La imagino a María Pía López –la imagino, entonces no tengo por qué dar mis pruebas– con la ironía de la criada que ve caer a los filósofos en pozo tras pozo pero estratégica, ni Diótima ni Scherezade, un poco Alfonsina del Bar a la Carta Abierta. No la imagino, en cambio, reclamando los beneficios de la excepción femenina –nada de la querella permanente y especular como treta del débil– ni de la diferencia per se subversiva, pero sí demoliendo ideales cuando se volatilizan fuera de su sustento material o exigiéndolos cuando se intenta disolver el conflicto en burocracia y statu quo.

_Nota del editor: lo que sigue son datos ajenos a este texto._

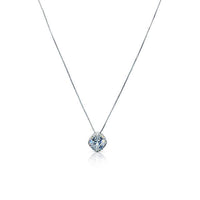 CHOMEL Cubic Zirconia Solitaire Rhodium Necklace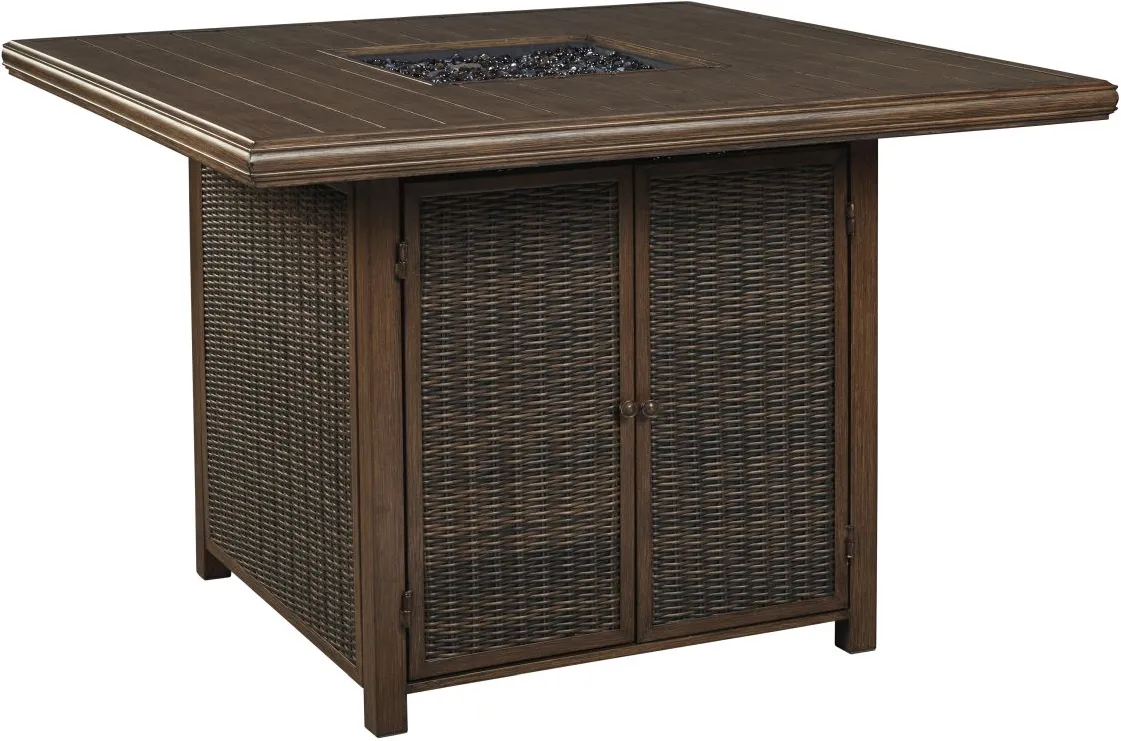 Signature Design by Ashley® Paradise Trail Medium Brown Square Fire Pit Bar Table 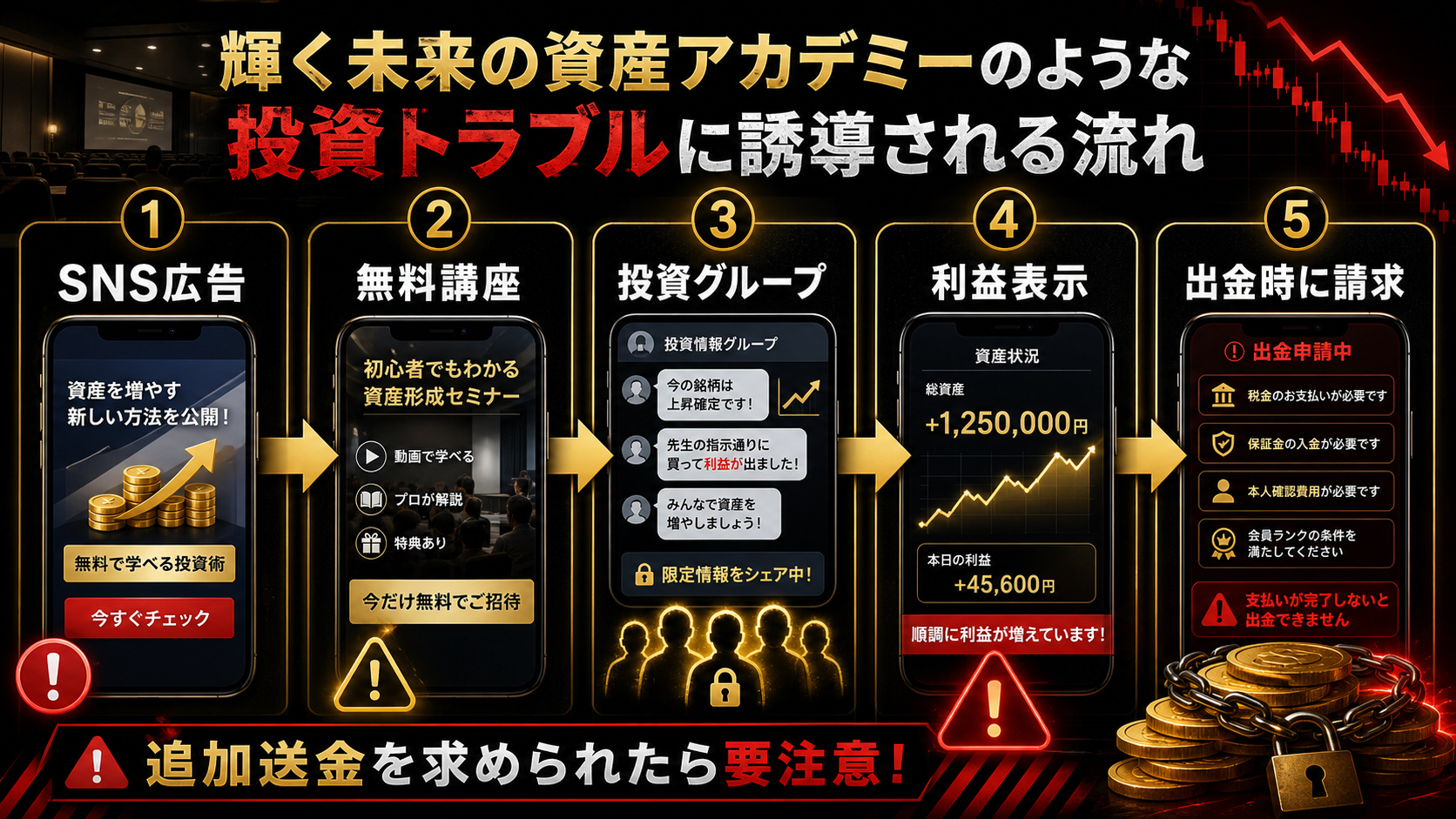 輝く未来の資産アカデミーを名乗る投資誘導の流れ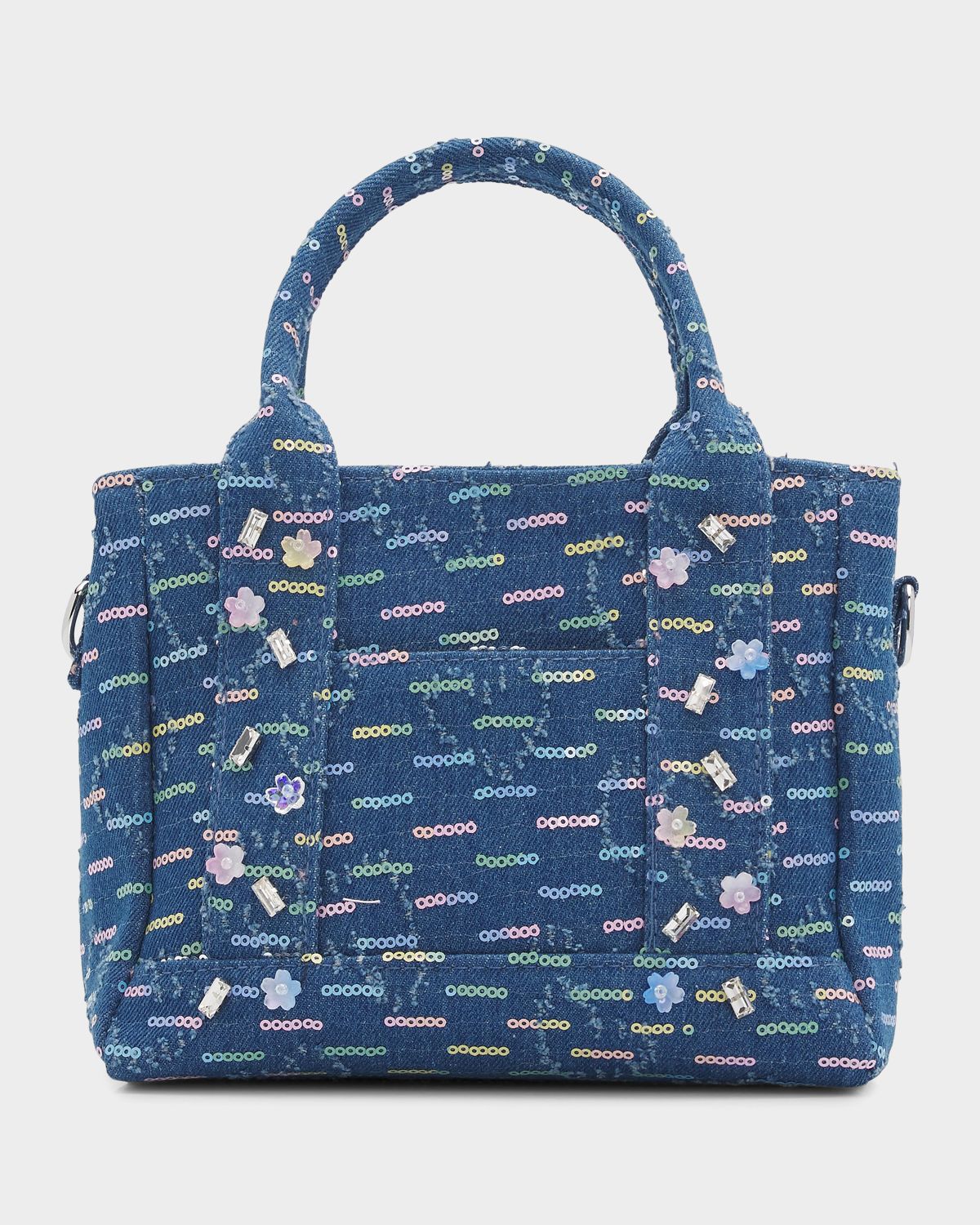 Bari Lynn Girl 's Beaded Sequin Denim Tote Bag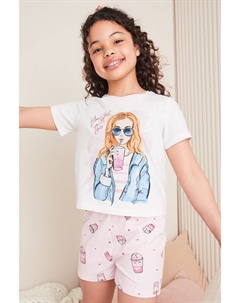 Пижама с трикотажными шортами (5 16 лет), розовый Lipsy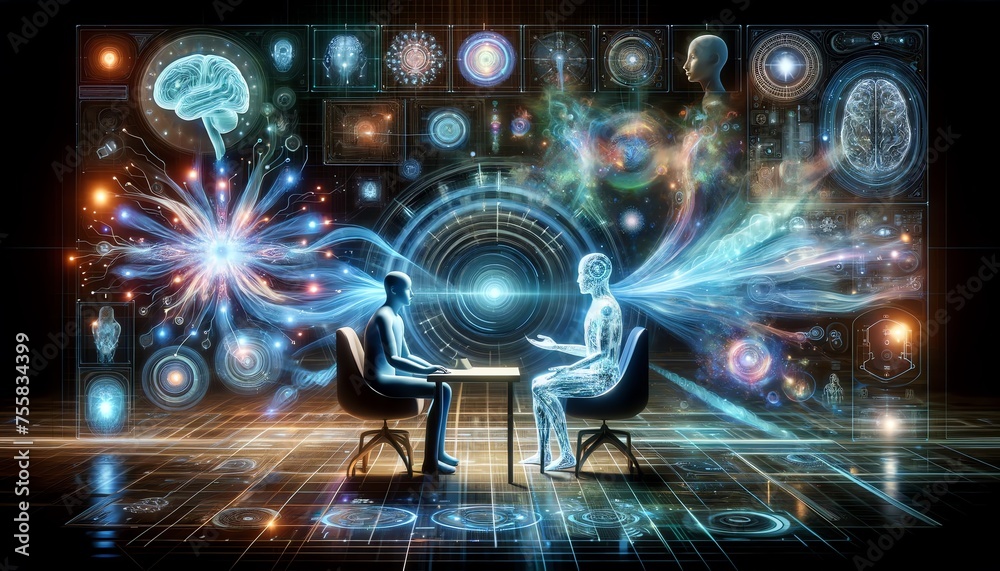 3D Illustration of the Turing Test 3D Illustration of the Turing Test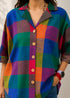 Mosaic Check Half Sleeve Loose Fit Shirt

En Mutantes, trazos sobre los cuerpos, María Pía López no hace un mero agradecimiento final sino un texto que forma parte del libro. Allí la deuda con ciertos nombres se enuncia como compromiso pero también como elección: no se tiene una deuda con quien la reclama sino con quien se elige tenerla. Los profesores devienen amigos, la herencia puede venir de los compañeros. En la serie de las fratrias hay nombres que insisten bajo la elección y el compromiso: David Viñas, Horacio González, Eduardo Rinessi. Si es verdad que el maestro sólo trasmite lo que le falta, la transmisión no completa al maestro sino que lleva más allá un saber que él no sabía que tenía.
A María Pía López la imagino. Pero también la sé una de las mayores cabezas intelectuales del presente, si no la mayor, ya que, contrariamente a muchas otras de su talla, es capaz de imaginar, de fingir, de poner en ficción, como en No tengo tiempo, una cabeza loca de lengua rota en pos de un proyecto (político) de futuro.